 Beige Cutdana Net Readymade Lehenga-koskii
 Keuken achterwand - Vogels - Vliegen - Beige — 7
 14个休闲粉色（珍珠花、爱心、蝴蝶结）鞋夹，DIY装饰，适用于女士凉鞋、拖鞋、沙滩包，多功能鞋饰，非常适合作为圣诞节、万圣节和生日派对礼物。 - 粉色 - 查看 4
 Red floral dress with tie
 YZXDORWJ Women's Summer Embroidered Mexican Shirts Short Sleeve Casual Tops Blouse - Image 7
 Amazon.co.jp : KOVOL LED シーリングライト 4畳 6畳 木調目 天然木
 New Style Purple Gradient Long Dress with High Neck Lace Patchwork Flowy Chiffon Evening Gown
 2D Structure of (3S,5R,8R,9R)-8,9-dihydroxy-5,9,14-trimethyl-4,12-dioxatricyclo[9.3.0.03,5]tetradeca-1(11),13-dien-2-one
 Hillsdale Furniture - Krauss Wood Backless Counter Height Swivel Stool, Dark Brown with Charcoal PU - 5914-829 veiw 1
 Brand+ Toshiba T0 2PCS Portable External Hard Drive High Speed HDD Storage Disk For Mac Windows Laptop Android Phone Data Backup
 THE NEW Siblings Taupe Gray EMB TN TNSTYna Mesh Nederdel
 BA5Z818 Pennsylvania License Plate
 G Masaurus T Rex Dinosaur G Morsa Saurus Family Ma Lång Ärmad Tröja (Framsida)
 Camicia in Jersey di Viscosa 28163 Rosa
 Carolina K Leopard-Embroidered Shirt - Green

Exercise => Emit the records above again, exactly, with no line skipped.

Output for this exercise =>
 Beige Cutdana Net Readymade Lehenga-koskii
 Keuken achterwand - Vogels - Vliegen - Beige — 7
 14个休闲粉色（珍珠花、爱心、蝴蝶结）鞋夹，DIY装饰，适用于女士凉鞋、拖鞋、沙滩包，多功能鞋饰，非常适合作为圣诞节、万圣节和生日派对礼物。 - 粉色 - 查看 4
 Red floral dress with tie
 YZXDORWJ Women's Summer Embroidered Mexican Shirts Short Sleeve Casual Tops Blouse - Image 7
 Amazon.co.jp : KOVOL LED シーリングライト 4畳 6畳 木調目 天然木
 New Style Purple Gradient Long Dress with High Neck Lace Patchwork Flowy Chiffon Evening Gown
 2D Structure of (3S,5R,8R,9R)-8,9-dihydroxy-5,9,14-trimethyl-4,12-dioxatricyclo[9.3.0.03,5]tetradeca-1(11),13-dien-2-one
 Hillsdale Furniture - Krauss Wood Backless Counter Height Swivel Stool, Dark Brown with Charcoal PU - 5914-829 veiw 1
 Brand+ Toshiba T0 2PCS Portable External Hard Drive High Speed HDD Storage Disk For Mac Windows Laptop Android Phone Data Backup
 THE NEW Siblings Taupe Gray EMB TN TNSTYna Mesh Nederdel
 BA5Z818 Pennsylvania License Plate
 G Masaurus T Rex Dinosaur G Morsa Saurus Family Ma Lång Ärmad Tröja (Framsida)
 Camicia in Jersey di Viscosa 28163 Rosa
 Carolina K Leopard-Embroidered Shirt - Green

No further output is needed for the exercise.